Of course, it gets complicated because higher-end (and better) components are lighter. But it's not the weight that makes them better.

On a flat course, the difference would be even smaller.

Aero will trump weight in most cases but for long steep climbs, a light bike can pay dividends. Of course, there are just so many variables to take into account but I don't agree that we can generalise by saying aero is always better or lightweight is of little value, as in this case - and I'm a very experienced cyclist, won my share of races at National, League and Club level.

For my nearest long climb, circa 12 miles at an average 5%, I am consistently around 2 minutes quicker on my 13lb bike vs my 17lb aero bike. On shorter, steeper climbs, circa 8 - 20%, the margin of difference is even greater in real terms. As a 53 yr old Strava KOM-hunter for training (motivates me for interval training), I'm in competition with cyclists half my age, so I try both aero and lightweight and use my bikes to my advantage. As such, in varied weather conditions, personal conditioning etc, I have a substantial amount of segment data to compare and draw conclusions with.

In an actual race, flat and mildly lumpy, I would always choose aero over lighter weight unless I could have both*. A hill TT, any steep climb taken as an individual segment or a particularly hilly GranFondo race, the lighter bike is best, I find.

*if you can have both aero and lightweight, then that is overall the better option, naturally.

For leisurely rides on mild terrain, yeah, pick the bike that's most comfortable as there will be little difference at low speeds unless, again, the gradient is very steep, in which case, lighter will be faster for any given watts.

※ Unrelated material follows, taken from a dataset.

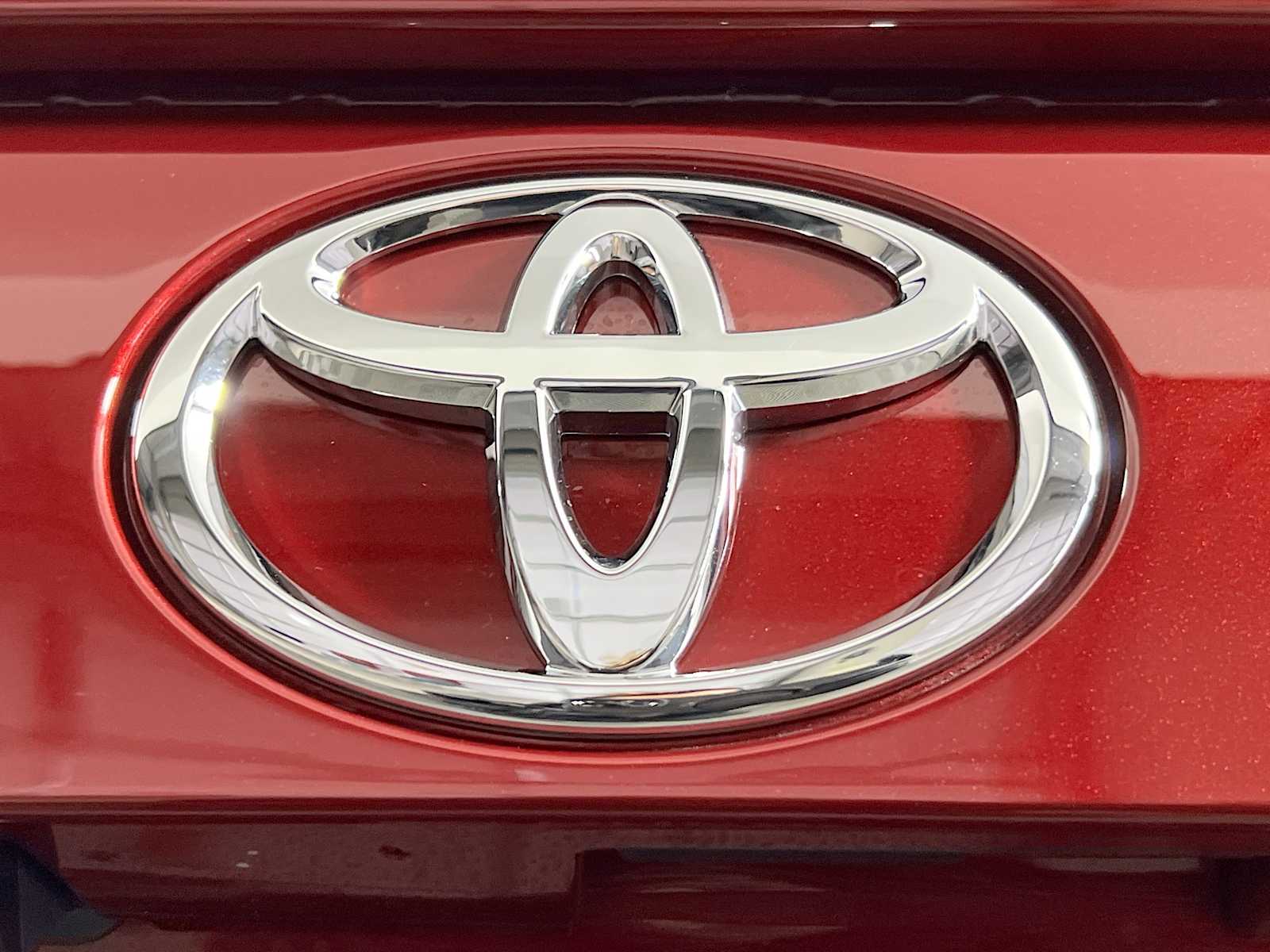 2025 Toyota RAV4 LE - Photo 18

Lighter can also be easier depending upon what one wants as the OP has learned. Easier due to less watts required on a steep gradient to maintain the same speed as a heavier bike. Or faster using the same watts as on a heavier bike. I know a lot of folks don't like to talk watts but ultimately, it is about energy, power and resistance and the numbers don't lie, power meters are very useful for comparisons such as this.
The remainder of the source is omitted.